Guidelines Board again denies pleas for rent freeze
BY JEFFERSON SIEGEL | Last Thursday night, at a slightly less contentious, but no less vocal, gathering than in recent years, the city’s Rent Guidelines Board voted to approve rent increases of 2 percent for a one-year lease and 4 percent for a two-year lease. The hikes apply to the state’s nearly 1 million rent-stabilized apartments and take effect with leases starting Oct. 1.
In a meeting lasting just under two hours, tenants again booed and jeered whenever a landlord representative of the board tried to make a case for higher rents due to increased costs.
Occupy Wall Street supporters were in attendance. Whenever a landlord representative tried to speak, an audience member was quick to call a “mic check” before ticking off a list of tenant expenses that he or she said should negate the need for any rent increase at all.

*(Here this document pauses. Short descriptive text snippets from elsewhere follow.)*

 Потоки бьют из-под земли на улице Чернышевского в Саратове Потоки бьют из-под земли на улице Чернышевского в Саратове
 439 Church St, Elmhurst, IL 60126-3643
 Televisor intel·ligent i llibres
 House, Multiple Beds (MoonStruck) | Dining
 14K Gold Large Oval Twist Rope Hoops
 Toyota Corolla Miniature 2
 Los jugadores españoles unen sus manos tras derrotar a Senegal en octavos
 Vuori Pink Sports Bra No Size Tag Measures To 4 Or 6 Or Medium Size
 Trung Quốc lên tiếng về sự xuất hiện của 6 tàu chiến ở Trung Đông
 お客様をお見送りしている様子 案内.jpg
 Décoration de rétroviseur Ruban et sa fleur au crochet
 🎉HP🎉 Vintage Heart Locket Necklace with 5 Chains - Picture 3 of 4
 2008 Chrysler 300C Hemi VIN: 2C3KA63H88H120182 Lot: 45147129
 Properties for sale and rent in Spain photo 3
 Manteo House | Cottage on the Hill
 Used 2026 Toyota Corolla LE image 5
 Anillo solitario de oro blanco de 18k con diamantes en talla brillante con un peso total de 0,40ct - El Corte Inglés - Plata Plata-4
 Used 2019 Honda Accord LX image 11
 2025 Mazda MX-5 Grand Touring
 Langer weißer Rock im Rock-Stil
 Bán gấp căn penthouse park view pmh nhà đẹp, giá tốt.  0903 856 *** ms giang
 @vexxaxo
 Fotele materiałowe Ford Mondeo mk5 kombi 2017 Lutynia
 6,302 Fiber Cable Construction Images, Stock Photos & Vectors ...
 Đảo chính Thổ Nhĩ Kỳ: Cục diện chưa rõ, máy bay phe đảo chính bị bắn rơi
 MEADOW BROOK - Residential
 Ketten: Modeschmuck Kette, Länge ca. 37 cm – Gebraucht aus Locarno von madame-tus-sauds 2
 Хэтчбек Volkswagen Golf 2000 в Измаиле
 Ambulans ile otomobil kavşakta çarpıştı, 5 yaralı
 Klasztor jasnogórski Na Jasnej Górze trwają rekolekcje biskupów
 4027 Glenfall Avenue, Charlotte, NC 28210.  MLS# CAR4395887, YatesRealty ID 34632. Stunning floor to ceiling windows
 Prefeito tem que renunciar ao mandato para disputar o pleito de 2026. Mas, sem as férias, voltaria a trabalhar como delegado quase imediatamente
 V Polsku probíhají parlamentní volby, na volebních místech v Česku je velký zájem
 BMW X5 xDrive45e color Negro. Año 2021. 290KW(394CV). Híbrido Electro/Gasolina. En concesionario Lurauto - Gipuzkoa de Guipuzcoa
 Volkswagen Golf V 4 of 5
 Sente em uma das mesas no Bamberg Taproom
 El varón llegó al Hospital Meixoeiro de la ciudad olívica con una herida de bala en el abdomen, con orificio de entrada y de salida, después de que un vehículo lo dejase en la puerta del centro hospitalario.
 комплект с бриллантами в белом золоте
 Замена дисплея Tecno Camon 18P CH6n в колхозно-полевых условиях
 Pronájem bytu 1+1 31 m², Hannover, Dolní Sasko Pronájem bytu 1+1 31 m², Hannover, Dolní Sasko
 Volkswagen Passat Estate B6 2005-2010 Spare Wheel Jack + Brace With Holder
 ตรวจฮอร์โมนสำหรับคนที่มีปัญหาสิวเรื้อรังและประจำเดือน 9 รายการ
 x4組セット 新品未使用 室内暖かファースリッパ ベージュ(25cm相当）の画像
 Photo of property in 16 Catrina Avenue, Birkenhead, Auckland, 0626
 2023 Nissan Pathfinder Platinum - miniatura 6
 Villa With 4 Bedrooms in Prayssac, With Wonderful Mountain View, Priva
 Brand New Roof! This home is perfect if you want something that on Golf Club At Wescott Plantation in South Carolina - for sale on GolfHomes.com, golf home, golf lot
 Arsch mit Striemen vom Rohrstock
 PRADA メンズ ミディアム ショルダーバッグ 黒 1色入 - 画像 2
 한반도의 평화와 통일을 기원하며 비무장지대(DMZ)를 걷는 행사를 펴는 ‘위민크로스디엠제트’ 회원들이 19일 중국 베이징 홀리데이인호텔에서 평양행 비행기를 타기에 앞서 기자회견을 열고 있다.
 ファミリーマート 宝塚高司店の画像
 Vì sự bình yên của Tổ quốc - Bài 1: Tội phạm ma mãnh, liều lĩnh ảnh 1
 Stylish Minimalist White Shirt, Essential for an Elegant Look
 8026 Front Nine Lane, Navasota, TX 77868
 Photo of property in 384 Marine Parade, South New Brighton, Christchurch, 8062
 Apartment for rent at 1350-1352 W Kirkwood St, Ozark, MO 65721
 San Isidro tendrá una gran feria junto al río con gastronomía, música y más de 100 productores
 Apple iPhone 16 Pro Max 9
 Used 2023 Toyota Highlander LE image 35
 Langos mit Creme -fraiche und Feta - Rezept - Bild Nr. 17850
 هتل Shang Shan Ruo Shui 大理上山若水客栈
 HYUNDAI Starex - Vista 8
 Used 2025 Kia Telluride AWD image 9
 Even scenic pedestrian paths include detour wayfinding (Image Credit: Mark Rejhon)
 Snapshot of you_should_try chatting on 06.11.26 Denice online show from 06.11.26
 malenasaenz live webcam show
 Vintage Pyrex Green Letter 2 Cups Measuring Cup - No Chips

Many in the crowd bore signs reading “0%.” A handful of landlord representatives, who sat off to one side of The Cooper Union’s Great Hall, had wanted increases of 5 percent and 9 percent.
Adriene Holder, a tenant representative on the R.G.B., voiced the frustrations of many city renters.
“It’s just so much that these households just cannot continue to bear,” she lamented.
The board’s final vote was 5 to 4. Identical increases will also apply to rent-stabilized loft spaces.